Schechter Poultry Corp. v. United States
**Overview of Schechter Poultry Corp. v. United States**
Schechter Poultry Corp. v. United States is a landmark Supreme Court case decided in 1935 that examined the constitutionality of the National Industrial Recovery Act (NIRA) enacted during the Great Depression. The case arose when the Schechter Poultry Corporation was charged with violating labor regulations and selling unfit poultry under the provisions of the NIRA, which aimed to boost economic recovery by establishing fair competition codes. The Supreme Court unanimously ruled that the NIRA was unconstitutional, primarily because it involved an excessive delegation of legislative authority from Congress to the executive branch, resulting in vague regulations.
This decision is significant as it set a precedent for limiting Congress's ability to delegate its lawmaking powers, focusing on maintaining a clear separation of powers within the government.
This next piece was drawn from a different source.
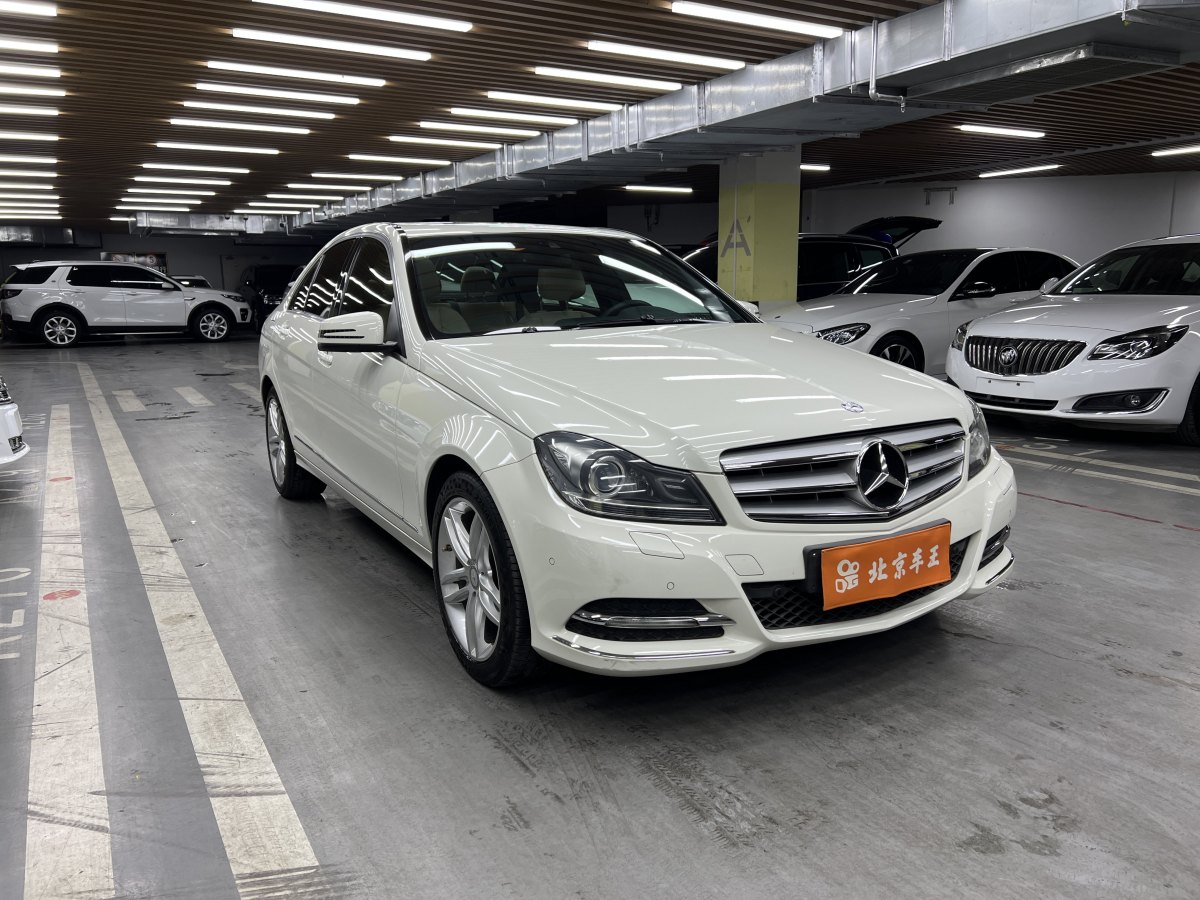 奔馳 奔馳C級  2011款 C 300 時尚型圖片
The Court's ruling emphasized the importance of defined legislative standards, declaring that such broad delegations could undermine accountability and governance. The case is often discussed alongside other important decisions that addressed similar issues of delegation, including Panama Refining Co. v. Ryan and Carter v. Carter Coal Co. Collectively, these cases reflect ongoing legal debates about the boundaries of federal authority and the implications of legislative vagueness during periods of economic crisis.
Schechter Poultry Corp. v. United States
Date: May 27, 1935
Citation: 295 U.S. 495
Issue: Delegation of power
Significance: Of the three Supreme Court cases voiding vague delegations of power to executive branch agencies, this ruling regarding the constitutionality of the National Industrial Recovery Act (1933) was the broadest.
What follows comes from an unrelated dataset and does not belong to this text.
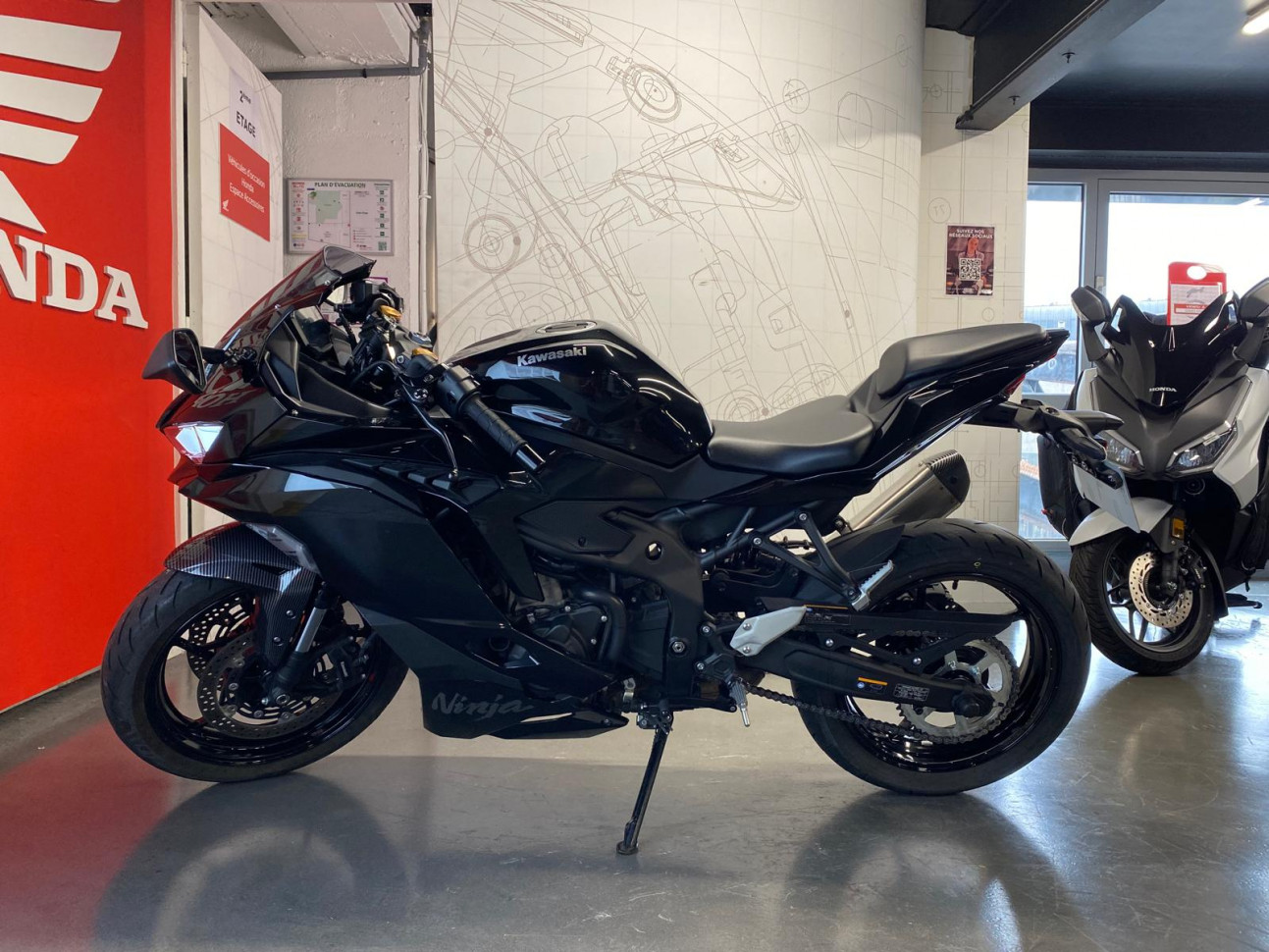 KAWASAKI ZX-4R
The Schechter Poultry Corporation was charged with violating wage and hour provisions of the slaughterhouse industry and selling an “unfit chicken” under the 1933 National Industrial Recovery Act (NIRA). The act was designed to stimulate business recovery and end unemployment, largely through codes of fair competition and other regulations. The Supreme Court unanimously held that the NIRA was essentially unconstitutional because Congress delegated its lawmaking power to the executive branch through excessively vague legislation.
![New York politician and Supreme Court Justice Charles Evans Hughes. By Photo copyrighted by the National Photo Co. [Public domain], via Wikimedia Commons 95330312-92450.jpg](https://imageserver.ebscohost.com/img/embimages/ers/sp/embedded/95330312-92450.jpg?ephost1=dGJyMNHX8kSepq84xNvgOLCmsE2epq5Srqa4SK6WxWXS)
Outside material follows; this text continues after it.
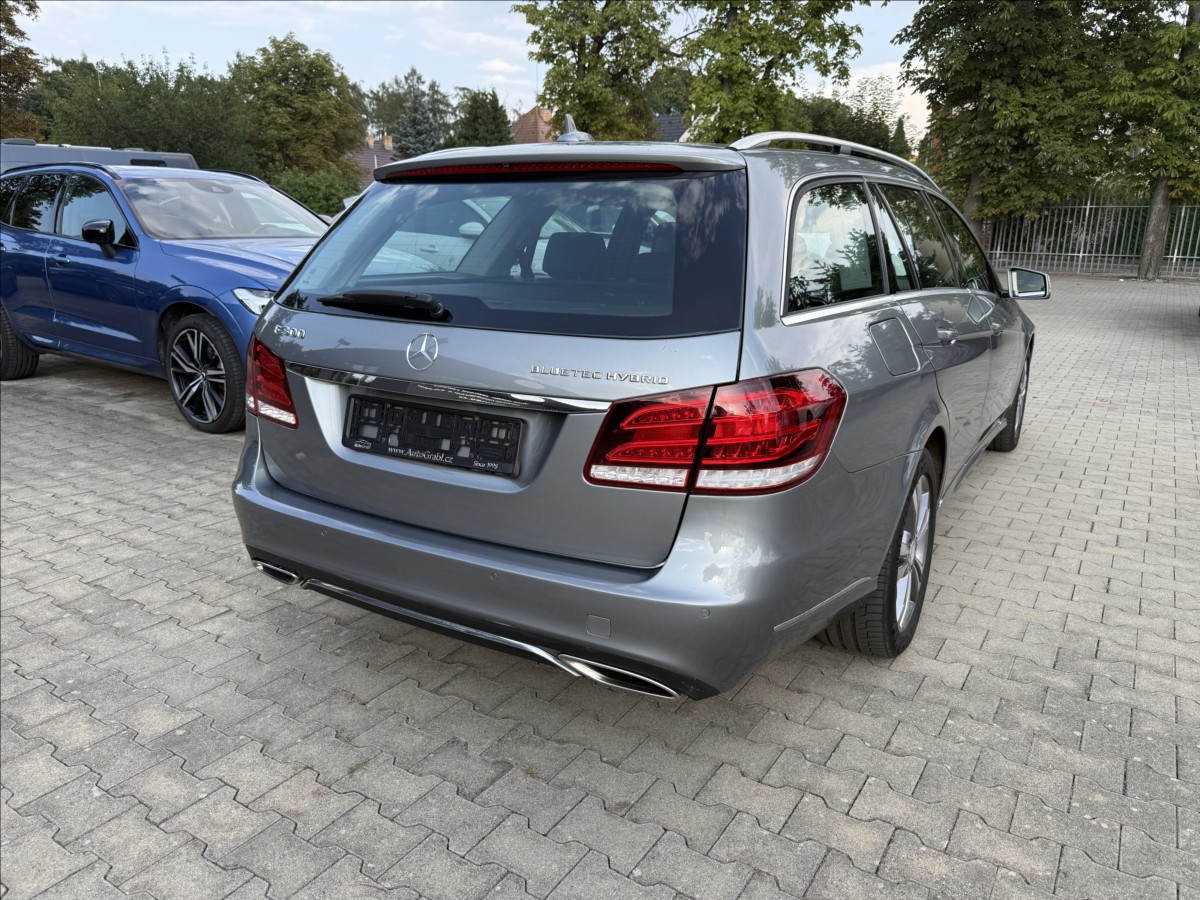 mercedes-benz-tridy-e-e-300de-hybrid-vzduch - 4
Schechter should be considered along with two other cases: Panama Refining Co. v. Ryan (1935) and Carter v. Carter Coal Co. (1936). In these three cases, the Court attempted to limit the later widespread congressional practice of transferring its lawmaking responsibility by delegating the hard decisions or the actual wording to executive branch agencies. In Schechter, the Court addressed the essence of the NIRA, unlike its narrow holding in the other cases. In his dissent in Panama, Justice Benjamin N. Cardozo argued that the national economic emergency of the Great Depression justified this vague delegation of power, but in Schechter he found that the delegation was so extensive that it had “run riot.”
Carter, the last Court decision attempting to limit vague delegations of congressional lawmaking power, was supported by only a 5-4 majority. The opinion, written by Justice George Sutherland, used the Tenth Amendment and the indirect-direct commerce distinction as an additional basis for rejecting the NIRA but ended up losing support on the Court. The four dissenters in Carter objected to this direct-indirect distinction. The Court never overturned its holdings in these cases but simply ignored them. Schechter is currently valid only on the narrow issues of the case.